There are essentially two kinds of camera bodies from this viewpoint. Full and Crop sensor. Full frame describes a sensor that is the equivalent of classic 35mm film, or 36mm wide by 24mm tall. Crop sensors are somewhat smaller.
This is not a discussion of that is ‘best’ as both have their strengths, though full frame tends to be favored by the professionals for the higher end work.
What does the sensor look like? Well, kinda like this. Here I have locked the mirror up on my 5d mark 2 so you can see the sensor that sits behind the mirror. This is a full frame sensor.
The most noticeable difference, after the price and size, is in the effect the size of the sensor has on the image. To really understand this you need to consider the light going through the lens and being projected on the to camera back, where the sensor resides. Think of the lens as a projector which is shining the scene in front of it on the back of your camera. Technically it is really inverting the image in the process, but this image should still help you visualize this.
As you can see, the crop sensor captures a smaller portion of the projected image, which has the effect of magnifying the resulting image. This also affects the width viewable in a wide angle, or a fisheye lens.

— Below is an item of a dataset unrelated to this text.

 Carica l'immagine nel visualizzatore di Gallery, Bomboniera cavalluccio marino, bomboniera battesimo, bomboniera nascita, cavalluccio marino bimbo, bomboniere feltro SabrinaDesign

Most lenses, unless specifically marked otherwise, are rated against a full frame camera. If it says it is a 50mm lens, then on a full frame camera it will act as a 50mm lens. But put that 50mm lens on a crop sensor body and it can become a 70mm or even a 90mm lens, just because of that crop factor.
Conversely, when buying your lens you need to be sure of which lens you are getting. If you have a crop sensor, anything will generally work fine, though you need to keep the conversion factor in mind. But at least it will not vignette on you (dark corners). If you have a full frame body though a lens not rated for full frame is a risk, as it might not project an image that fills the sensor, or its clarity is unacceptable towards the corners. Such glass generally costs more as the quality of the design needs to be higher.
So, what it comes down to is the same as usual. What is your budget? If cost is the foremost concern, and you have no specific requirement for the very wide angles then a crop sensor body is perfectly good.
Also, one other trivial thing to keep in mind, when you see a picture and they note it was taken with a particular lens, be sure to ask or find out which body it was mounted to, as this will allow you to better understand how the image was made. I was watching a seminar on wedding photography a while back and the presenter kept talking about using a fisheye lens for all his shots. Come to find out he was using a crop sensor body which makes a fisheye lens merely a wide angle lens, so it began to make a little more sense. The 8mm lens was acting more like a 14mm lens. Still very wide, but without the fisheye effect.